Par ailleurs notre modèle éducatif est proche d’un modèle industriel ou de l’image que nous en avons. Les établissements sont organisés comme des usines, les enfants sont organisés en classe d’âge. Pourquoi faisons-nous cela, pourquoi partons nous du principe que la caractéristique principale qu’ils ont en commun est leur âge ? Les enfants/les étudiants devraient pouvoir travailler en petits groupes, en groupes plus larges, seuls ou encore avec des enfants d’âge ou de disciplines différentes le tout à différents moments de la journée de leur choix et en différents lieux. Les curricula sont standardisés, les notes sont standardisées, tout cela n’est que standardisation, je propose d’aller dans le sens opposé, c’est ce que j’appelle changer de paradigme.
De récentes études mettent en évidence le processus de pensée divergente, ce n’est pas la même chose que la créativité qui est le processus qui conduit à des idées qui ont de la valeur mais c’est une capacité essentielle pour avoir de la créativité. Il s’agit de l’aptitude à interpréter de nombreuses façons différentes une question, de lui trouver de nombreuses réponses différentes ou encore de ne pas considérer la résolution de problème uniquement de façon linéaire ou convergente. Des tests de « pensée divergente » ont été réalisés sur une population de 1500 personnes qui ont été suivies depuis le plus jeune âge jusqu’à l’âge adulte, les résultats ont été les suivants :
– En maternelle 98% de cette population avait le niveau « génie »
– Entre 8 et 10 ans il n’y avait plus que 50% de cette population au niveau « génie »
– Entre 13 et 15 ans on était à 25% de la population.

Cette étude nous enseigne deux choses, nous avons tous cette capacité à la naissance, elle se détériore rapidement pour une grande majorité de personnes. La grosse différence au sein de cette population entre la période ou elle était en maternelle et la période de l’adolescence s’explique par l’éducation.
Mon avis est que nous devons en finir avec un certain nombre de mythes de l’éducation qui opposent académique et non académique, théorie et pratique, qui interdit de copier sur son voisin en cours alors que l’on attend les jeunes professionnels sur leur capacité à collaborer. Encore une fois cela ne relève pas de la volonté consciente des enseignants, c’est dans les gènes du système. Il faut enfin reconnaître qu’une grande part des apprentissages et des créations se fait au sein de groupes, que la collaboration est une clé essentielle de la croissance et il faut en finir avec les évaluations uniquement individuelles. Si l’on sépare les individus dans le système éducatif on crée une divergence entre l’éducation et l’environnement « naturel » des individus. »
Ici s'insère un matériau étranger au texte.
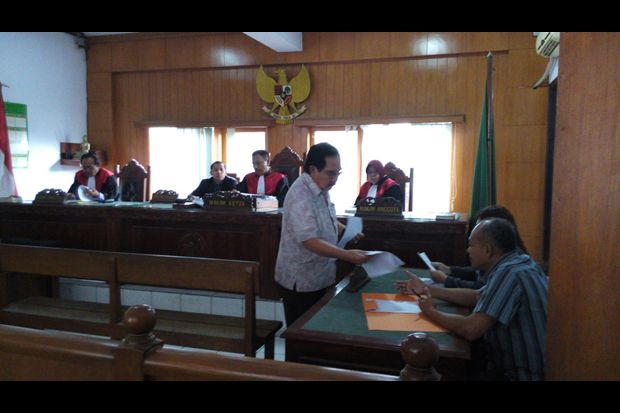 Antasari Butuh Baju...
Le changement de paradigme éducatif réclamé par Ken Robinson est, comme tout changement de cet ordre, conditionné par une volonté politique forte, surtout s’agissant du système éducatif. En fait ce n’est pas totalement vrai, ainsi que je l’ai dit en introduction le numérique n’est pas seulement un outil, c’est aussi une dynamique qui est en train de bouleverser nos sociétés modernes, au point que le politique en est souvent réduit à suivre ou encadrer à postériori un mouvement sur lequel il n’a que peu de prises. C’est à la fois une immense opportunité mais aussi une menace et la vigilance est de mise.
Il ne se passe pas une semaine sans que l’on parle des MOOCS en ce moment, effet de mode? Ces plateformes éducatives en ligne vont-elles provoquer la révolution tant espérée par Ken Robinson ? Nul ne saurait l’affirmer catégoriquement mais il y a un risque certain pour nos écoles à ne pas s’y intéresser, qui plus est lorsque l’on perçoit les menaces sous-jacentes sur le modèle économique de nos établissements. Et si c’était le bon train ou du moins le train à ne pas manquer ?
Pour toutes ces raisons, besoin de changement de paradigme éducatif (réponse à la quête de sens et d’utilité des générations actuelles), dynamique puissante de destruction créatrice du numérique, je crois que les établissements qui sauront établir des liens forts entre leur stratégie de développement durable et leur stratégie numérique seront les plus à même de prendre le train de la révolution éducative à venir (et déjà en route). Etre agile et réactif est une condition sine qua none pour s’adapter et mieux encore, anticiper ces bouleversements, nos écoles ont leur carte à jouer.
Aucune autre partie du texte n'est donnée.